**What the task asks**
The answer should contain all of the records below, each one copied word for word.

Brief descriptive captions
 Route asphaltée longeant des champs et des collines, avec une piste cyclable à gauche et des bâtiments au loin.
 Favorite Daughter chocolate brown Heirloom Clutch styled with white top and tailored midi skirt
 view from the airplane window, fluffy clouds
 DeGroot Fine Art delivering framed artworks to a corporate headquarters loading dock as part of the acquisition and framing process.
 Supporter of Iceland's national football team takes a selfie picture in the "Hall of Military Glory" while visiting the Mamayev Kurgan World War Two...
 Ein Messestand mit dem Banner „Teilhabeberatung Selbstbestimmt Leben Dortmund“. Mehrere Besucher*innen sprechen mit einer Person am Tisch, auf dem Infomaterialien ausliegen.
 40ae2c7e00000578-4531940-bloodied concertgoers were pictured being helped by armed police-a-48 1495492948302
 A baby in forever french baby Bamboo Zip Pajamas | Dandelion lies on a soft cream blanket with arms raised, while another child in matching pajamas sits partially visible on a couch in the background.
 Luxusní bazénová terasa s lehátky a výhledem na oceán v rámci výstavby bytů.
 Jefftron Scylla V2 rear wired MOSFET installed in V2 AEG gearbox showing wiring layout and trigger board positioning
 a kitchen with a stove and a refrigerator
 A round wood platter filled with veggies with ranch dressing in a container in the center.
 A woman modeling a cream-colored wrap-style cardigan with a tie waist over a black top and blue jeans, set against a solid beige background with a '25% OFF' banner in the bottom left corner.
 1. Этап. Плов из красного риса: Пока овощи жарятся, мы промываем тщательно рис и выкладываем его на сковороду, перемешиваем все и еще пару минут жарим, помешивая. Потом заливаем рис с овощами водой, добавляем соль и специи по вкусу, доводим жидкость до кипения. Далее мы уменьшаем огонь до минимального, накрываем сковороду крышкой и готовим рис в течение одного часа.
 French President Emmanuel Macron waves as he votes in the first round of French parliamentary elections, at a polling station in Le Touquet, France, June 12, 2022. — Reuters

**Answer to this exercise**
 Route asphaltée longeant des champs et des collines, avec une piste cyclable à gauche et des bâtiments au loin.
 Favorite Daughter chocolate brown Heirloom Clutch styled with white top and tailored midi skirt
 view from the airplane window, fluffy clouds
 DeGroot Fine Art delivering framed artworks to a corporate headquarters loading dock as part of the acquisition and framing process.
 Supporter of Iceland's national football team takes a selfie picture in the "Hall of Military Glory" while visiting the Mamayev Kurgan World War Two...
 Ein Messestand mit dem Banner „Teilhabeberatung Selbstbestimmt Leben Dortmund“. Mehrere Besucher*innen sprechen mit einer Person am Tisch, auf dem Infomaterialien ausliegen.
 40ae2c7e00000578-4531940-bloodied concertgoers were pictured being helped by armed police-a-48 1495492948302
 A baby in forever french baby Bamboo Zip Pajamas | Dandelion lies on a soft cream blanket with arms raised, while another child in matching pajamas sits partially visible on a couch in the background.
 Luxusní bazénová terasa s lehátky a výhledem na oceán v rámci výstavby bytů.
 Jefftron Scylla V2 rear wired MOSFET installed in V2 AEG gearbox showing wiring layout and trigger board positioning
 a kitchen with a stove and a refrigerator
 A round wood platter filled with veggies with ranch dressing in a container in the center.
 A woman modeling a cream-colored wrap-style cardigan with a tie waist over a black top and blue jeans, set against a solid beige background with a '25% OFF' banner in the bottom left corner.
 1. Этап. Плов из красного риса: Пока овощи жарятся, мы промываем тщательно рис и выкладываем его на сковороду, перемешиваем все и еще пару минут жарим, помешивая. Потом заливаем рис с овощами водой, добавляем соль и специи по вкусу, доводим жидкость до кипения. Далее мы уменьшаем огонь до минимального, накрываем сковороду крышкой и готовим рис в течение одного часа.
 French President Emmanuel Macron waves as he votes in the first round of French parliamentary elections, at a polling station in Le Touquet, France, June 12, 2022. — Reuters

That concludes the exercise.